Campbell Soup has begun the process of selling off a number of its brands, including its Arnott’s cookie and crackers business, as it looks to pay down the debt left in the wake of its acquisition of Snyder’s Lance earlier this year, people familiar with the matter tell CNBC.
The soup company had previously said it planned to sell its international and fresh food food businesses after a three-month review it announced after a string of poor quarterly results. It said focusing on its signature packaged food would help regain its financial footing. The decision came despite pressure from activist fund Third Point, which initially said the only justifiable outcome of the review was a sale to a strategic buyer. Third Point has since said it would also accept other moves for Campbell, including a breakup.
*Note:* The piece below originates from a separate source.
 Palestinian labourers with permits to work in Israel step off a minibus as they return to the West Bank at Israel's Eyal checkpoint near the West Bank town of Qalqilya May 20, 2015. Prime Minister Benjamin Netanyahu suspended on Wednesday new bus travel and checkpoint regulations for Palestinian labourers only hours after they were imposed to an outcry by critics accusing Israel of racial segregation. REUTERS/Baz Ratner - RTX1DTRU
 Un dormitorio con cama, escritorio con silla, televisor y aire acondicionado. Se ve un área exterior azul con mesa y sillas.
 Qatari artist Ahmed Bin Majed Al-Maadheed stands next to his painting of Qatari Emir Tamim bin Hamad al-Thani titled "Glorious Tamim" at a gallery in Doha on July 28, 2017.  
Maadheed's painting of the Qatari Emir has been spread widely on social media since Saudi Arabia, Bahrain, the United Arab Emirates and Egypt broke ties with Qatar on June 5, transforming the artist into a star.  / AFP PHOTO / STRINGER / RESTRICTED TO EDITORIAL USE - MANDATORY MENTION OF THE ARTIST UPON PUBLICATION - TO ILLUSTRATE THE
Campbell has sent out materials to tease the sale of its Australian Arnott’s biscuits business and Kelsen baked snacks that could fetch $2.5 billion to $3 billion from buyers. The biscuit and cracker maker is the largest in Australia and has therefore caught the eye of a number food companies that are eyeing global expansion as challenged U.S. grocers continue to exert their pressure.
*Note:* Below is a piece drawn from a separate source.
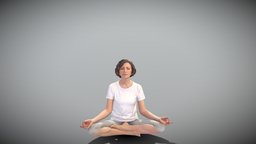 Woman in lotus position meditating 440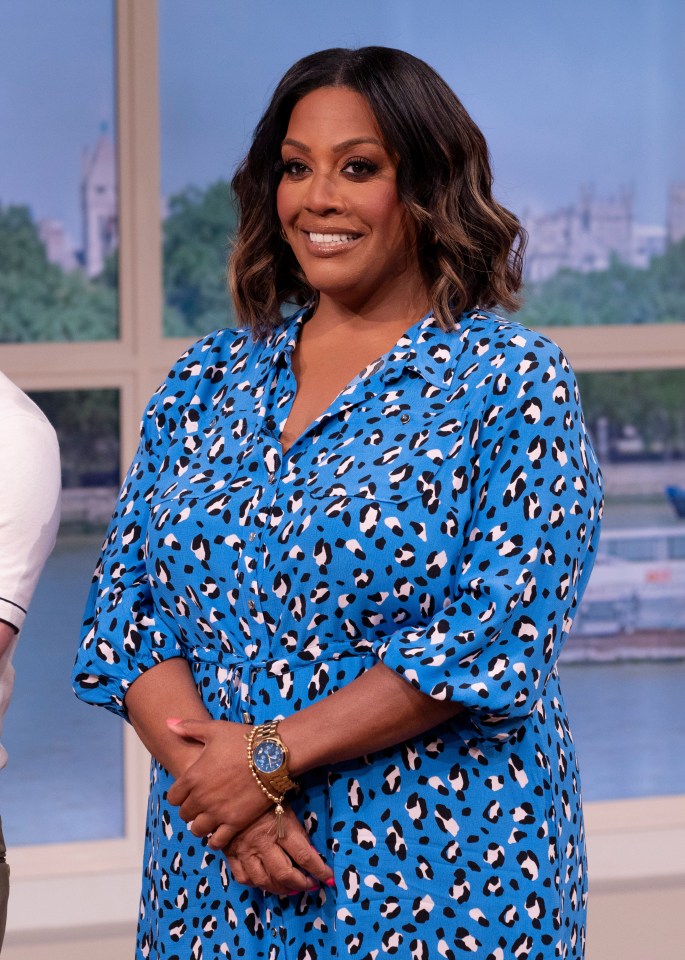 a woman in a blue leopard print dress is smiling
Snacks have become increasingly important for food companies to buy as more and more people eat on-the-go and sales of grocery staples, like cereal, have slowed. In the U.S., though, there are few brands available to buy to move the needle for companies that generate billions in annual sales.
Arnott’s gives buyers a chance to buy a large business in an established market. Still, with Australia relatively isolated, it would also likely require a buyer with an existing global footprint and may also limit their ability to expand the brand further into other international markets like China, say people familiar with the industry.
Campbell expects to sign non-disclosure agreements for its international snack business in the next weeks, and will then begin to send out confidential materials, the people said. That will launch a formal sale process. While such processes take weeks, it remains possible a keenly interested party could expedite it by lobbing in a particularly high bid, some of the people said.
One likely consideration in the sale process is potential anti-trust issues due to Arnott’s hold on the Australian cookie market. Campbell is under pressure from activist investor Dan Loeb and his hedge fund Third Point, which have chastised it for poor performance, making it unlikely it will want to take on much risk that antitrust authorities could oppose a deal.